* _Task item_: Print out all the records, word for word.
══════════
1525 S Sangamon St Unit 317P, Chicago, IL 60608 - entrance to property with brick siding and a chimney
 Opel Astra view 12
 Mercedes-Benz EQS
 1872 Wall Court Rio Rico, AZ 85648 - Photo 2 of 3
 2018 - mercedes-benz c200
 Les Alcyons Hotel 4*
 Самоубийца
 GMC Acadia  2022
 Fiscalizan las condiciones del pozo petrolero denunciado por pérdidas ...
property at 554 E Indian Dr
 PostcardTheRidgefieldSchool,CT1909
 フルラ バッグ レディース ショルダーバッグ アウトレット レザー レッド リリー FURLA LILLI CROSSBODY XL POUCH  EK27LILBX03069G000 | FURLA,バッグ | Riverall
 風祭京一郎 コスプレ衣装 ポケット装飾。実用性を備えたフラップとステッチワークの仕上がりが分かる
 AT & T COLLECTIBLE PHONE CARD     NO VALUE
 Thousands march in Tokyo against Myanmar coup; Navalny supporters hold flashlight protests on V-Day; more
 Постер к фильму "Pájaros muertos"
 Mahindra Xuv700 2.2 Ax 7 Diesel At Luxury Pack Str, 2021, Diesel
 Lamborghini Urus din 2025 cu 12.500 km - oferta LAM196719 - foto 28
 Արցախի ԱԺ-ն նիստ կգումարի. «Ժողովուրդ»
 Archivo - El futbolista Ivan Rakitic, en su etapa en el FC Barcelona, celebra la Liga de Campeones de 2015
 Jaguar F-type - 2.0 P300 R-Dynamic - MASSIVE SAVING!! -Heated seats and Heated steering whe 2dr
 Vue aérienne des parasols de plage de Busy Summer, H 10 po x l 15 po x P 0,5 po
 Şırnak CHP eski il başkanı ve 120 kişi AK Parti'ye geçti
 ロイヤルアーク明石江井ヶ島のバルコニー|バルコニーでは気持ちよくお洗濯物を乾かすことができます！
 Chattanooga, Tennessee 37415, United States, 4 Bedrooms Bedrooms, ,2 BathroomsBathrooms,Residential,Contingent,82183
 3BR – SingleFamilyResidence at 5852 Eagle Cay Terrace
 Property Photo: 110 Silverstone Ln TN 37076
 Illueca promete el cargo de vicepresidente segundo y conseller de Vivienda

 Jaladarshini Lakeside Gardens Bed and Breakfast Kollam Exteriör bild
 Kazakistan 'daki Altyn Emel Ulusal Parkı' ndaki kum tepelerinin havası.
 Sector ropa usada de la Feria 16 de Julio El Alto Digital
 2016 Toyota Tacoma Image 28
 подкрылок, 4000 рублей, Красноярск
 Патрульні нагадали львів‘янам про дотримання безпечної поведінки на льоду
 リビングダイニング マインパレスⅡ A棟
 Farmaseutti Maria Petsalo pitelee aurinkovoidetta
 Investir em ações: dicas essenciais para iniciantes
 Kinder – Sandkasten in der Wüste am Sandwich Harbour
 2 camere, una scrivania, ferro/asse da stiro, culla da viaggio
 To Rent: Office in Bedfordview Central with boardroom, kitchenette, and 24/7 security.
══════════
* _Task response_:
1525 S Sangamon St Unit 317P, Chicago, IL 60608 - entrance to property with brick siding and a chimney
 Opel Astra view 12
 Mercedes-Benz EQS
 1872 Wall Court Rio Rico, AZ 85648 - Photo 2 of 3
 2018 - mercedes-benz c200
 Les Alcyons Hotel 4*
 Самоубийца
 GMC Acadia  2022
 Fiscalizan las condiciones del pozo petrolero denunciado por pérdidas ...
property at 554 E Indian Dr
 PostcardTheRidgefieldSchool,CT1909
 フルラ バッグ レディース ショルダーバッグ アウトレット レザー レッド リリー FURLA LILLI CROSSBODY XL POUCH  EK27LILBX03069G000 | FURLA,バッグ | Riverall
 風祭京一郎 コスプレ衣装 ポケット装飾。実用性を備えたフラップとステッチワークの仕上がりが分かる
 AT & T COLLECTIBLE PHONE CARD     NO VALUE
 Thousands march in Tokyo against Myanmar coup; Navalny supporters hold flashlight protests on V-Day; more
 Постер к фильму "Pájaros muertos"
 Mahindra Xuv700 2.2 Ax 7 Diesel At Luxury Pack Str, 2021, Diesel
 Lamborghini Urus din 2025 cu 12.500 km - oferta LAM196719 - foto 28
 Արցախի ԱԺ-ն նիստ կգումարի. «Ժողովուրդ»
 Archivo - El futbolista Ivan Rakitic, en su etapa en el FC Barcelona, celebra la Liga de Campeones de 2015
 Jaguar F-type - 2.0 P300 R-Dynamic - MASSIVE SAVING!! -Heated seats and Heated steering whe 2dr
 Vue aérienne des parasols de plage de Busy Summer, H 10 po x l 15 po x P 0,5 po
 Şırnak CHP eski il başkanı ve 120 kişi AK Parti'ye geçti
 ロイヤルアーク明石江井ヶ島のバルコニー|バルコニーでは気持ちよくお洗濯物を乾かすことができます！
 Chattanooga, Tennessee 37415, United States, 4 Bedrooms Bedrooms, ,2 BathroomsBathrooms,Residential,Contingent,82183
 3BR – SingleFamilyResidence at 5852 Eagle Cay Terrace
 Property Photo: 110 Silverstone Ln TN 37076
 Illueca promete el cargo de vicepresidente segundo y conseller de Vivienda

 Jaladarshini Lakeside Gardens Bed and Breakfast Kollam Exteriör bild
 Kazakistan 'daki Altyn Emel Ulusal Parkı' ndaki kum tepelerinin havası.
 Sector ropa usada de la Feria 16 de Julio El Alto Digital
 2016 Toyota Tacoma Image 28
 подкрылок, 4000 рублей, Красноярск
 Патрульні нагадали львів‘янам про дотримання безпечної поведінки на льоду
 リビングダイニング マインパレスⅡ A棟
 Farmaseutti Maria Petsalo pitelee aurinkovoidetta
 Investir em ações: dicas essenciais para iniciantes
 Kinder – Sandkasten in der Wüste am Sandwich Harbour
 2 camere, una scrivania, ferro/asse da stiro, culla da viaggio
 To Rent: Office in Bedfordview Central with boardroom, kitchenette, and 24/7 security.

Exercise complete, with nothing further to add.